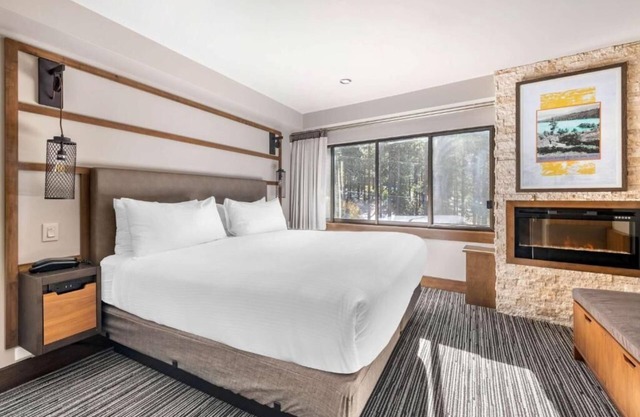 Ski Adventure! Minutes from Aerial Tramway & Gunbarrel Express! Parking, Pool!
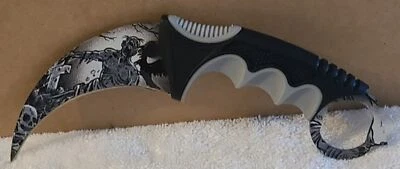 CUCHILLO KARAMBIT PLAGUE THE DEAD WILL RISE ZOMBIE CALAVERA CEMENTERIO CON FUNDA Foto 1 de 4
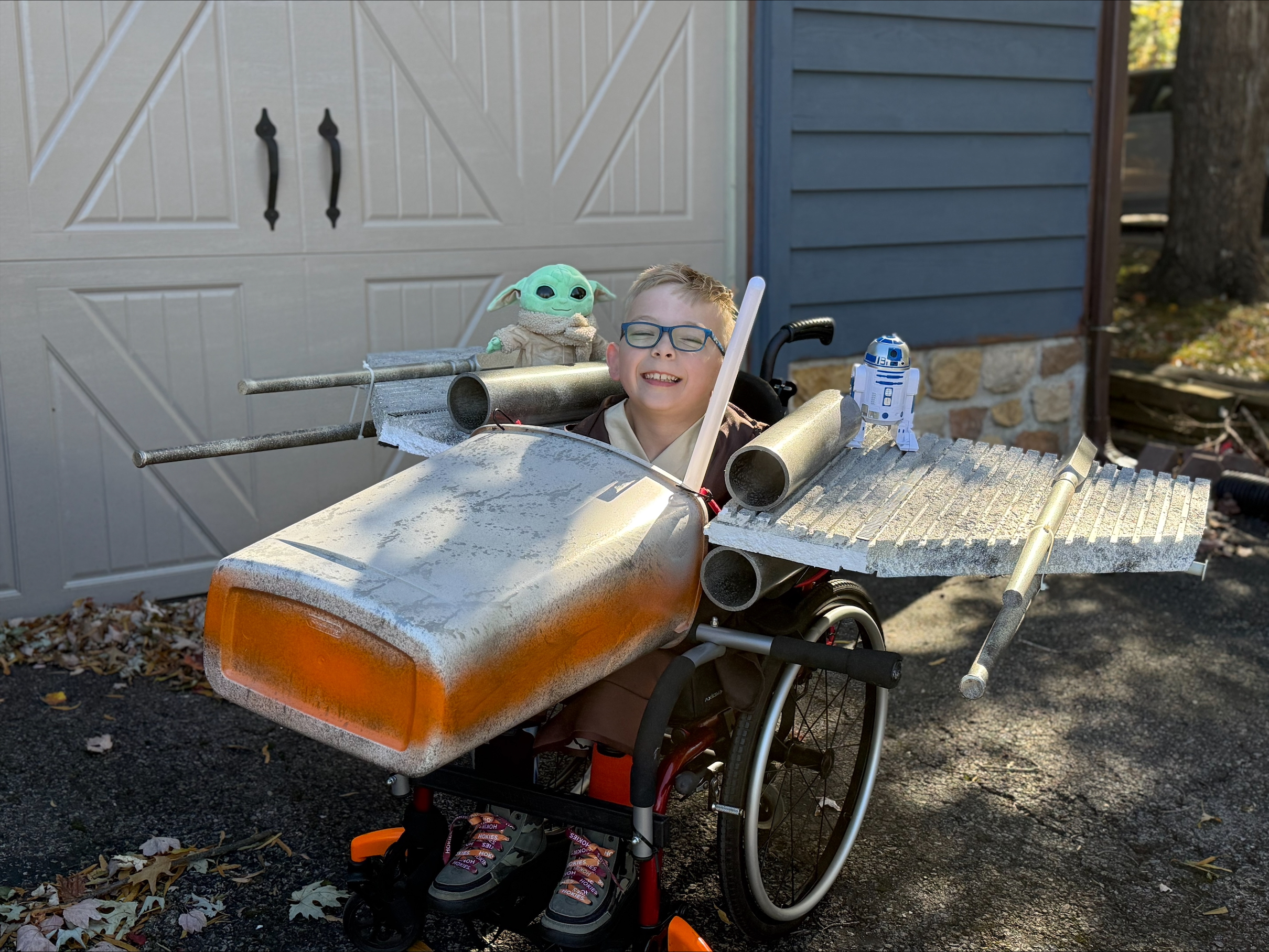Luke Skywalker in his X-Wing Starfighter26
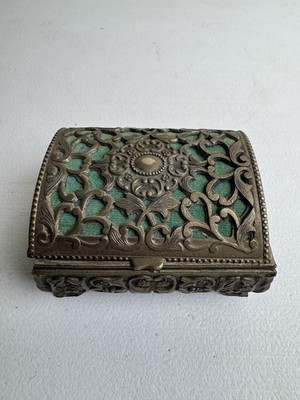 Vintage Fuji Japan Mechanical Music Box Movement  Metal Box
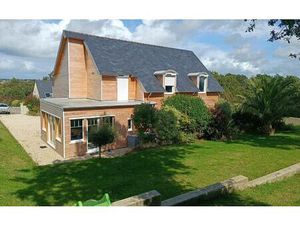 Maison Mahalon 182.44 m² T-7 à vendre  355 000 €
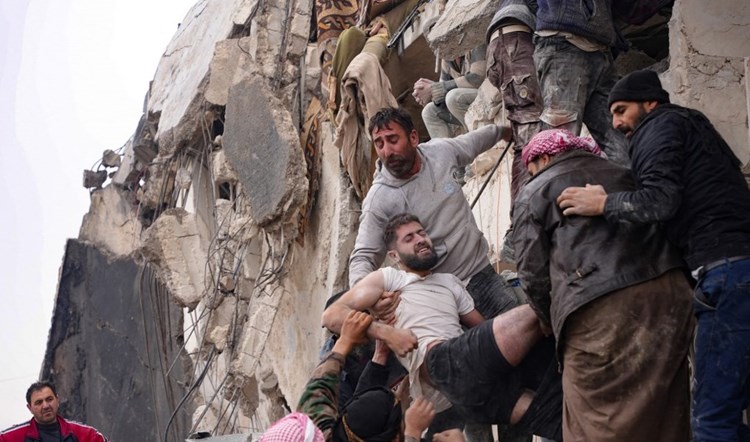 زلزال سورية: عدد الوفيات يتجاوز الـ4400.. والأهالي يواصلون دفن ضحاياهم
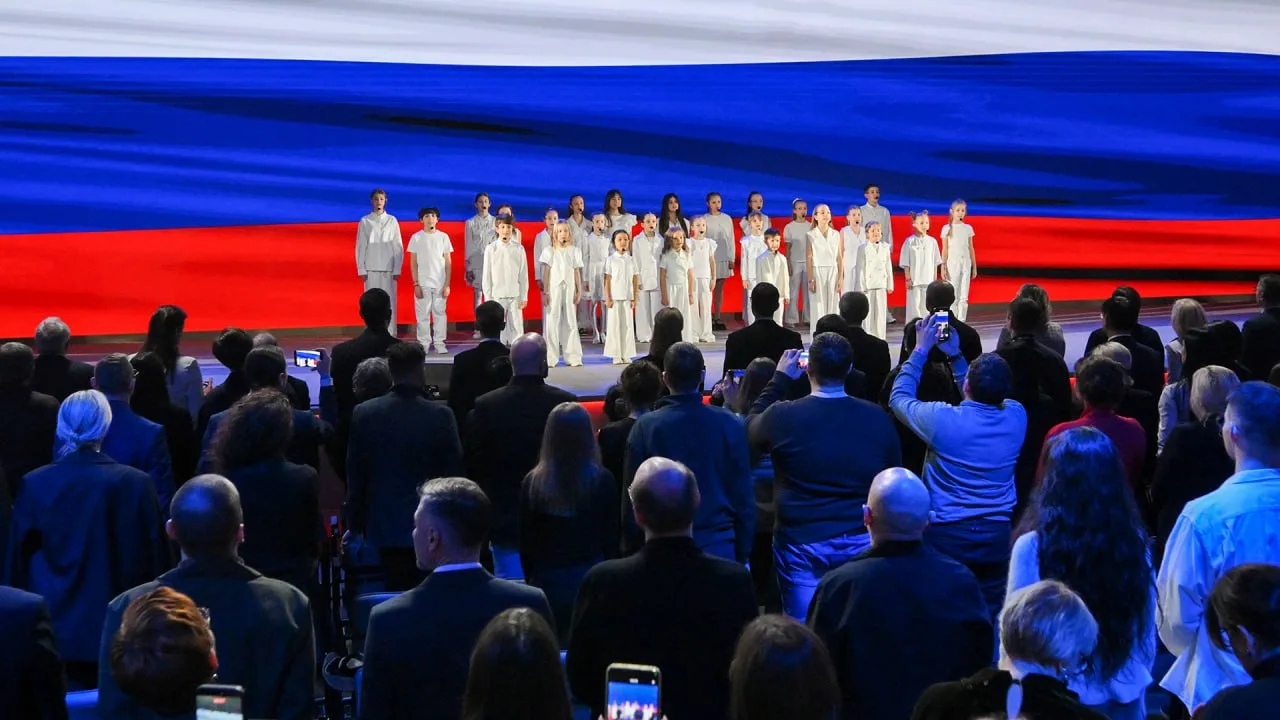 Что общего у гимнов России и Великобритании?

AIM OF THE EXERCISE: Write every line above out again exactly; pictures do not belong in the copy.

SOLUTION BELOW:
 Ski Adventure! Minutes from Aerial Tramway & Gunbarrel Express! Parking, Pool!
 CUCHILLO KARAMBIT PLAGUE THE DEAD WILL RISE ZOMBIE CALAVERA CEMENTERIO CON FUNDA Foto 1 de 4
Luke Skywalker in his X-Wing Starfighter26
 Vintage Fuji Japan Mechanical Music Box Movement  Metal Box
 Maison Mahalon 182.44 m² T-7 à vendre  355 000 €
 زلزال سورية: عدد الوفيات يتجاوز الـ4400.. والأهالي يواصلون دفن ضحاياهم
 Что общего у гимнов России и Великобритании?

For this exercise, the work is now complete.